- The task -
Reproduce every entry exactly.

- Extracted records -
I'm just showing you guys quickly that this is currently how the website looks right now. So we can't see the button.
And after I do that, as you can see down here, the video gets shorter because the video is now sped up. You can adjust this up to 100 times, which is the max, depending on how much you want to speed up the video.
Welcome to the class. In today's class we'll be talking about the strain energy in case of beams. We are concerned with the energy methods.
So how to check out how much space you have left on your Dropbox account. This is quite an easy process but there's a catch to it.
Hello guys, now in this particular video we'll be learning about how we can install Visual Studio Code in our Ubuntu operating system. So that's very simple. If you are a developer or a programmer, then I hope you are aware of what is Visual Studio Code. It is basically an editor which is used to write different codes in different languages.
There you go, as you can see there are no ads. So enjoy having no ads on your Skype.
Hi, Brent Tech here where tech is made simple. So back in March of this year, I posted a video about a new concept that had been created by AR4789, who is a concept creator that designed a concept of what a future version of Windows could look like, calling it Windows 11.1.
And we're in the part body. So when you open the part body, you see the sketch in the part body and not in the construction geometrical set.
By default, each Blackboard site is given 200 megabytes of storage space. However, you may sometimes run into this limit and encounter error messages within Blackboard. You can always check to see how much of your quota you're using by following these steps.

- Exercise output -
I'm just showing you guys quickly that this is currently how the website looks right now. So we can't see the button.
And after I do that, as you can see down here, the video gets shorter because the video is now sped up. You can adjust this up to 100 times, which is the max, depending on how much you want to speed up the video.
Welcome to the class. In today's class we'll be talking about the strain energy in case of beams. We are concerned with the energy methods.
So how to check out how much space you have left on your Dropbox account. This is quite an easy process but there's a catch to it.
Hello guys, now in this particular video we'll be learning about how we can install Visual Studio Code in our Ubuntu operating system. So that's very simple. If you are a developer or a programmer, then I hope you are aware of what is Visual Studio Code. It is basically an editor which is used to write different codes in different languages.
There you go, as you can see there are no ads. So enjoy having no ads on your Skype.
Hi, Brent Tech here where tech is made simple. So back in March of this year, I posted a video about a new concept that had been created by AR4789, who is a concept creator that designed a concept of what a future version of Windows could look like, calling it Windows 11.1.
And we're in the part body. So when you open the part body, you see the sketch in the part body and not in the construction geometrical set.
By default, each Blackboard site is given 200 megabytes of storage space. However, you may sometimes run into this limit and encounter error messages within Blackboard. You can always check to see how much of your quota you're using by following these steps.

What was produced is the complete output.